Okay, y'all experienced showers, or anyone who can tell me what to do, LOL, I have a question!

How do I go about faxing in my doeling's ADGA registration papers? Other then faxing them in  I would really appreciate a step-by-step from y'all, because I have a show coming up and a doeling that will not have papers!

:thankU::-D :rainbow:


----------



## margaret (Aug 30, 2013)

Bumping this up for you. I've never faxed anything so I can't help you, sorry. I have 5 goats that I am waiting for registries on, fingers crossed they will arrive in time. i hope you get the papers in time to show your doeling


----------



## thegoatgirl (Nov 27, 2011)

Thank you! My LA stuff just came in, so I hope the other stuff comes in soon. But I sent in the LA info three months back....not exactly reassuring!


----------



## mistydaiz (Jan 28, 2011)

But other LA stuff are you expecting?

When I faxed applications to ADGA for stamped duplicates for Cricket, before the show,I went to my town library, since I dont have a fax machine, and they only charged around 10 cents each fax.

First I made copies of the application I was faxing, and kept them with my records. Then I wrote on the application (at the very bottom or at the very top): 

Please fax stamped duplicate. Send to Fax#: (then I put the library's fax number).


The library also had me fill out a Fax Transmittal Sheet, writing who to fax it to.
ADGA's fax number is listed on applications at the top right corner.

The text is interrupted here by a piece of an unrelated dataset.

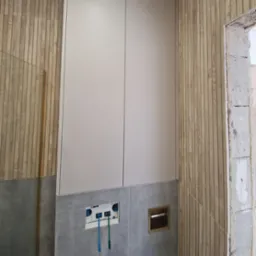 Nowoczesna zabudowa toalety podtynkowej: białe szafki, drewnopodobne panele ścienne i szara glazura. Widoczne elementy instalacji przed montażem armatury.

I then then waited around town, then in an hour, received the faxed stamped duplicates from ADGA.
ADGA faxed the library the stamped duplicates.
You might want to talk with ADGA at the same time you fax it ,to make sure they receive it.


----------



## thegoatgirl (Nov 27, 2011)

Nope, not LA. Just papers 

Thank you soooo much! I will do that tomorrow   My dad works at the Library, so it's real convenient


----------



## mistydaiz (Jan 28, 2011)

Oh, you are expecting registration certificates? Those always seem to take the longest to process and send back.
Especially, the rush to get LA dates and papers out, I am sure they are behind and backed up with registration papers.


----------



## thegoatgirl (Nov 27, 2011)

Yes, I am expecting papers for Buddy, and Dancer  At this point, I'm just going to fax them in today and not worry about it......


----------



## thegoatgirl (Nov 27, 2011)

Okay, I faxed the papers in this morning, and it's been three hours and still nothing  What do I do? Hope it went through......


----------



## thegoatgirl (Nov 27, 2011)

Problem resolved!  Thank you all (and especially mistydaiz!)!!


----------